Małż do Amelki mówi "córcia" i chce wymieniać podłogę bo jego dziewczynka nie trafia do kuwety...
Córcię kocha.
Aczkolwiek -wiecie jak to jest...Córcia jest gooopia jak but, więc tatuńcio ją chroni w dwójnasób.
No, może nie grozi nam już nie planowana ciąża, ale inne takie...

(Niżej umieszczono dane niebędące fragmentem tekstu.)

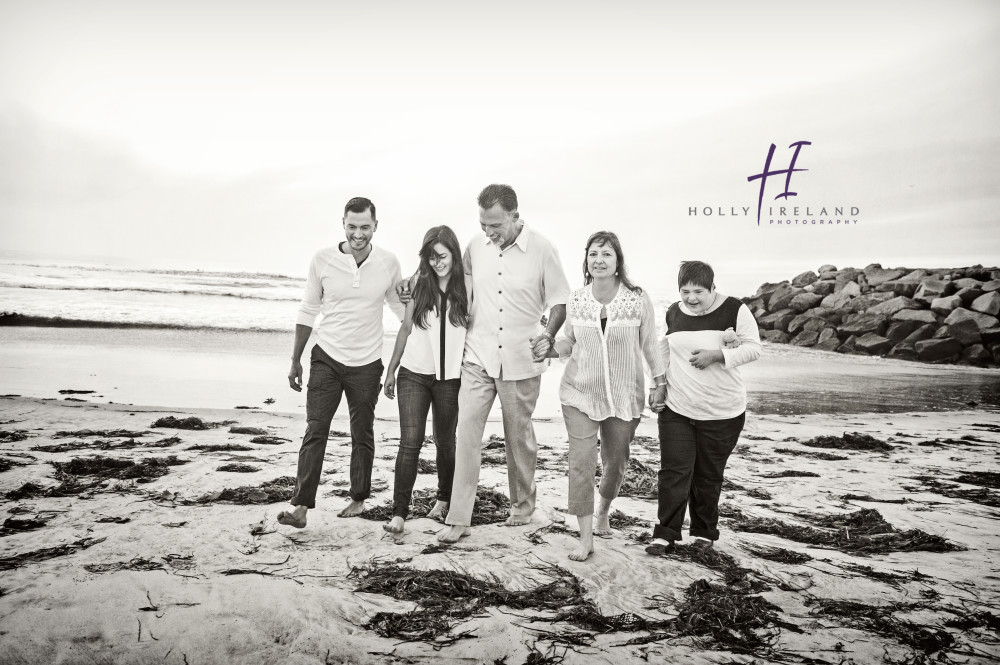 candid beach family photography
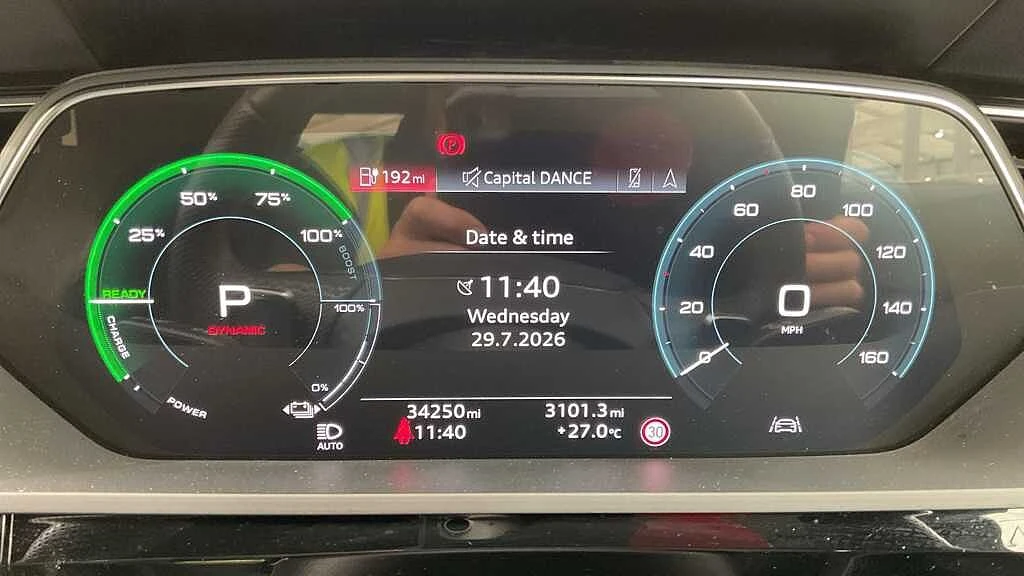 Audi-Q8 e-tron-image-12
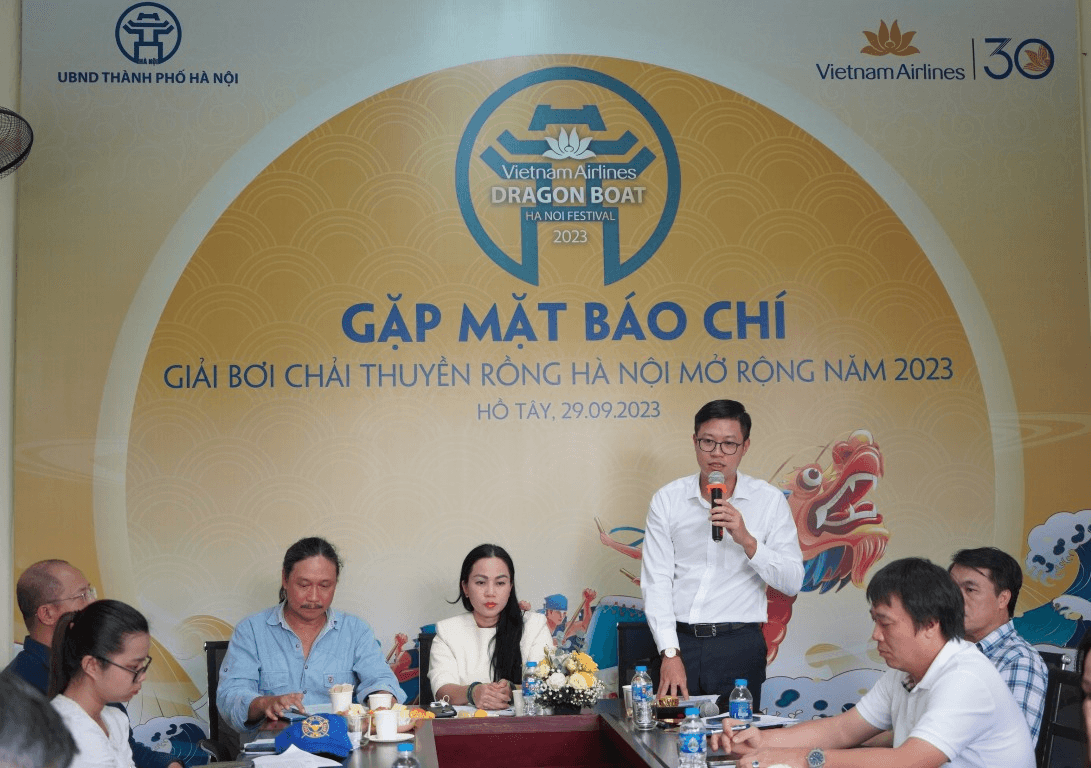 Gần 40 đội tuyển tham gia Giải Bơi chải thuyền rồng Hà Nội mở rộng 2023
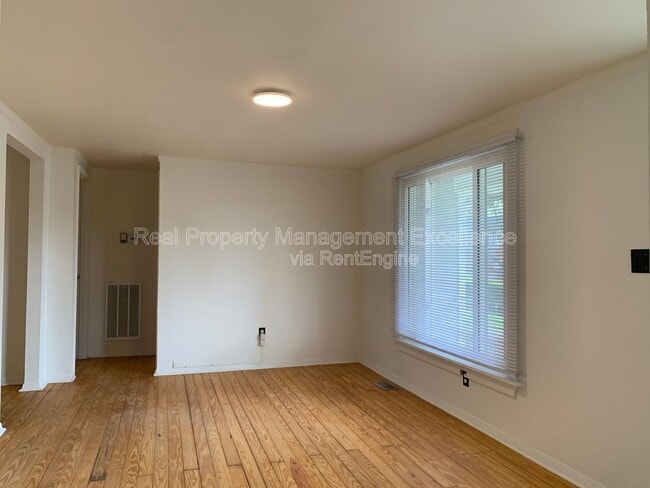 Foto del edificio - 410 W Watson St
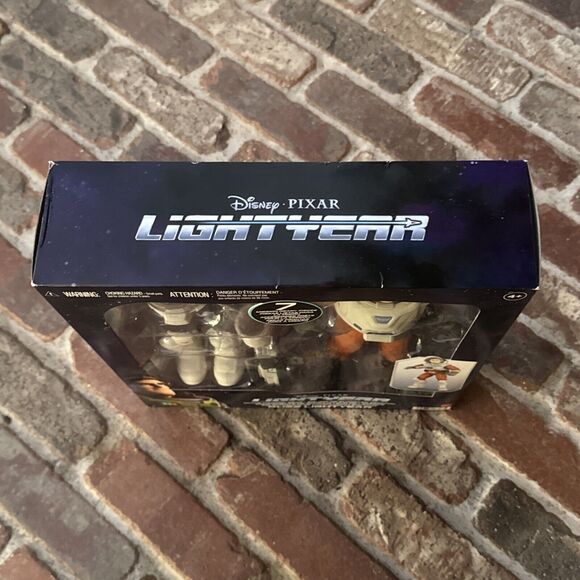 Disney Pixar Lightyear Space Ranger Gear Buzz Lightyear Action Figure NEW IN BOX - Picture 5 of 6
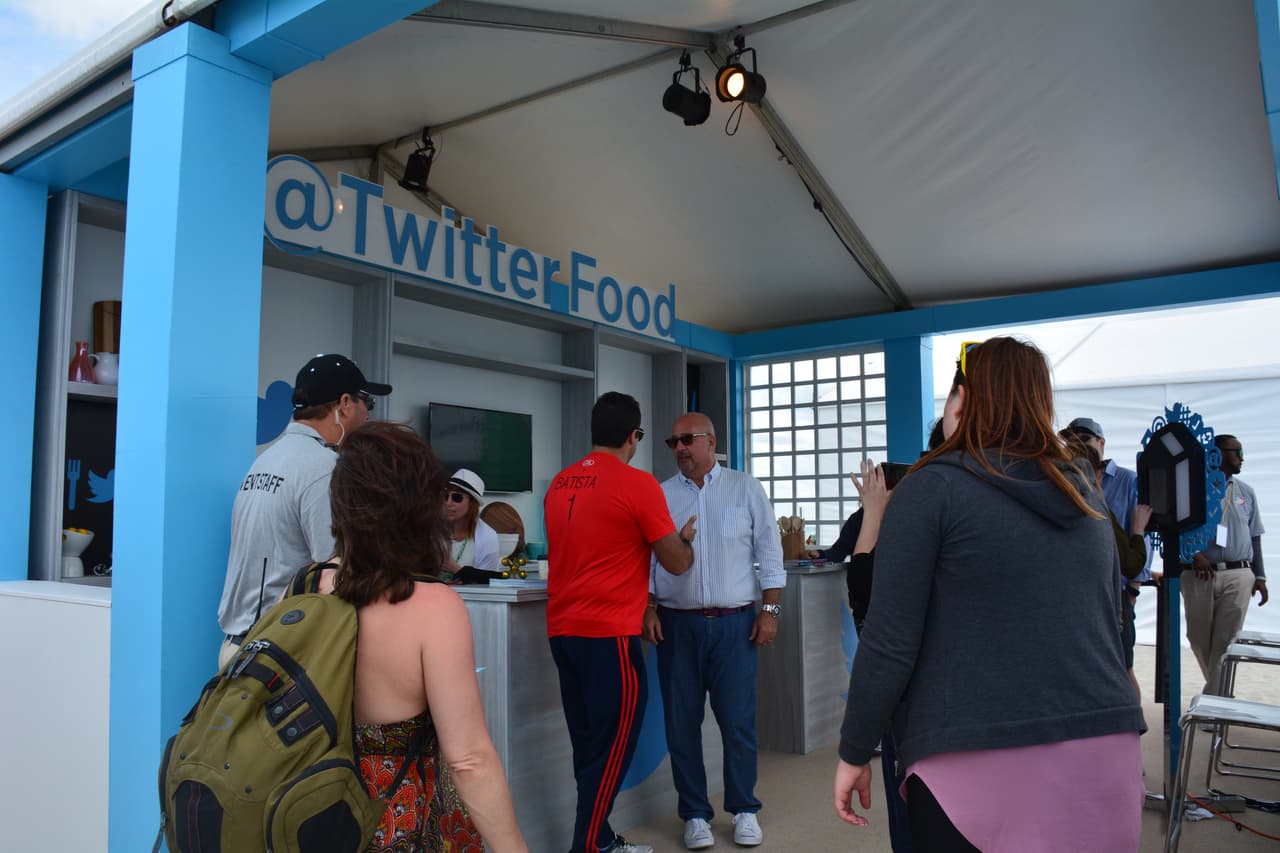 Las personalidades de Food Network estuvieron disponibles para firmar autógrafos.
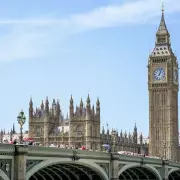 Westminster Bridge Lockdown: Bomb Squad Deployed Over Suspicious Package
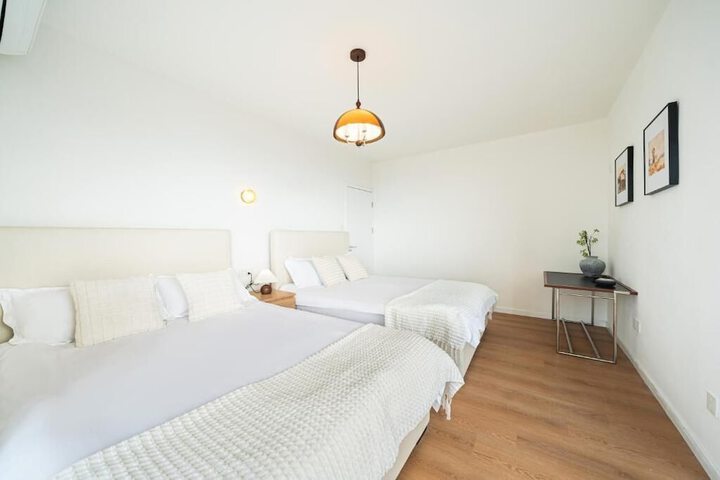 Room 3 of 16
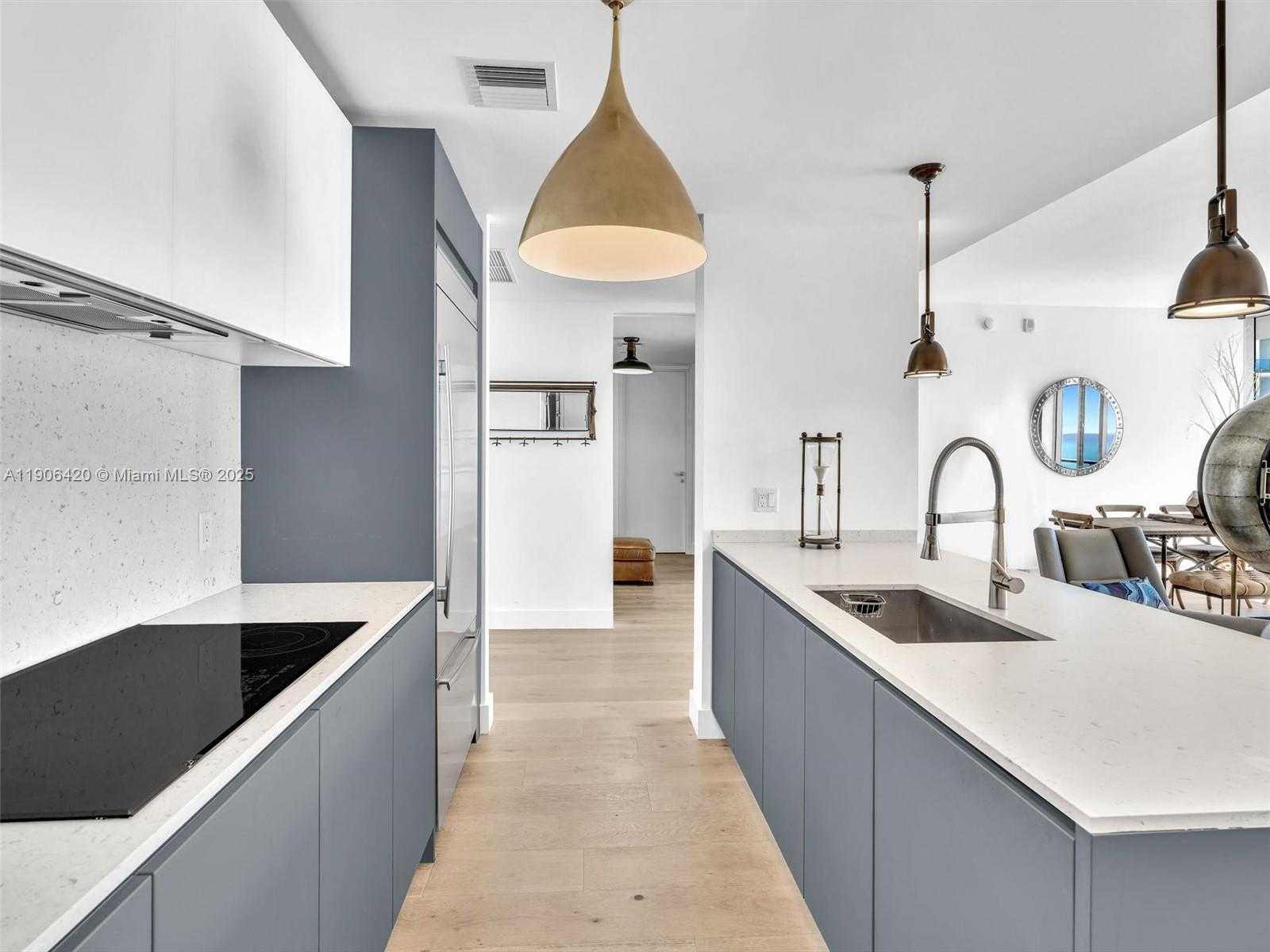 Small Image of 1300 BRICKELL BAY DR #4202, Miami Number 7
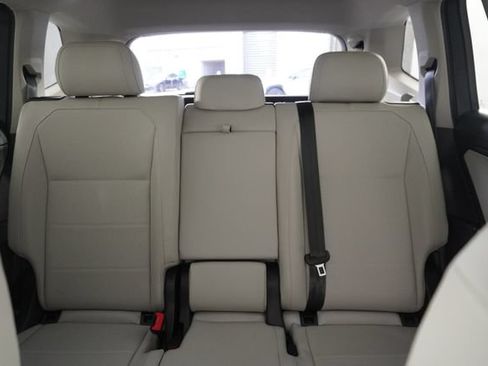 Used 2020 Volkswagen Tiguan SE w/ Panoramic Sunroof Package FWD image 32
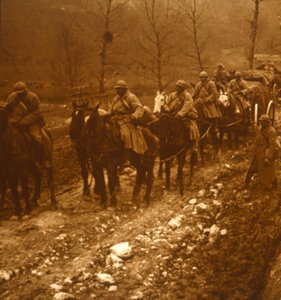 Żołnierze w ruchu, c1914-c1918 autorstwa Unbekannt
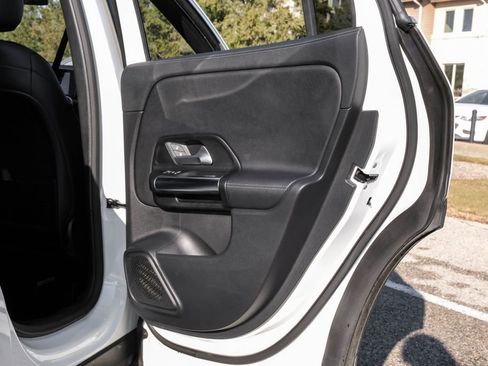 Used 2021 Mercedes-Benz GLA 250 image 46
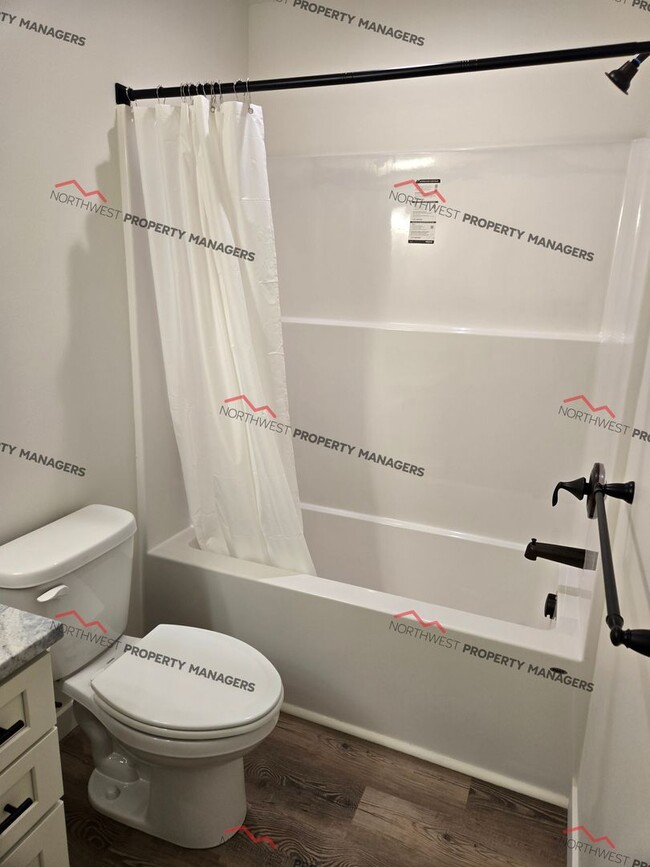 Building Photo - STATUS: AVAILABLE | R46| $2395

Neigh ja w wzięciu przez nas Amelii widzę tzw "rękę bożą": siczkę zwrócono by w najlepszym razie do DT gdyby zacząła siczkować.
W najgorszym wypuszczono na tzw "wolność".
Jak w jej poprzednim domu.
A tak siczkuje sobie spokojnie (choć nie tak często jak ongiś...właściie teraz to tak raz w tygodniu...) u Kotkinsów a ci (idioci!) zastanawiają się jak jej jeszcze zrobić żeby szczęśliwsza byłą i się obwiniają ,że dziecko biedne i dlatego siczkuje.

Ale dziś widiałam COŚ!!!

Byłąm w leśniczówce Pranie.
Ja przyjechałam samochodem , ale można też od jeziora, drogą wodną.
I podpłynął jacht.
Najpierw rozległ się szczek i na pokładzie pojawił się jamnik szorstkowłosy.
To mnie nie zdziwiło- ludzie pływają z psami.
Po chwili na pokład wyszła...kotka trikolorka szylkretka!
Zrobiła mały obchód pokładu, po czym położyła się spokojnie na pokładzie i zasnęła.
Wyglądało super.
Zastanawiam się tylko czy to bezpieczne.
Zwierzęta wyglądały na szczęśliwe...

kotkins

 
Posty: 8403
Od: Pt mar 25, 2011 22:39
Lokalizacja: Poznań

Post » Wto cze 18, 2013 20:05 Re: Wszystkie koty jamnika Melona V -Lalek nam choruje...:(

potwierdzam :)

marta-jolka

 
Posty: 329
Od: Pt wrz 14, 2012 13:07

Post » Wto cze 18, 2013 21:08 Re: Wszystkie koty jamnika Melona V -Lalek nam choruje...:(

Tak w ogóle to zawsze mnie fascynuje JAK ojciec może nie chcieć płacić na WŁASNE dzieci.
No bo jak na nastolatka może wystarczyć 500zł?
Nawet mój niby spokojny ex uważał, że ta GIGANTYCZNA suma wpływająca na moje konto jest wydawana wyłącznie na mnie i mojego drugiego męża!
A "biedne" dziecko?
Ano- w wakacje jedzie z nami na dwa tygodnie zwiedzać np. Włochy, Chorwację czy Hiszpanię...ma prywatne lekcje języków i dodatkowe z przedmiotów "kierunkowych"...jeździ regularnie na żagle na Mazury z opiekunami...jeździ na narty z nami...ma książki, komputery (no bo i stacjonarny i tablet), aparat stały na zęby...że o ciuchach, wycieczkach zagranicznych ze szkołą nie wspomnę...
I to wszystko za te jego pieniądze?!
I ja jeszcze mu zabieram? Ktoś tu chyba żyje na Księżycu???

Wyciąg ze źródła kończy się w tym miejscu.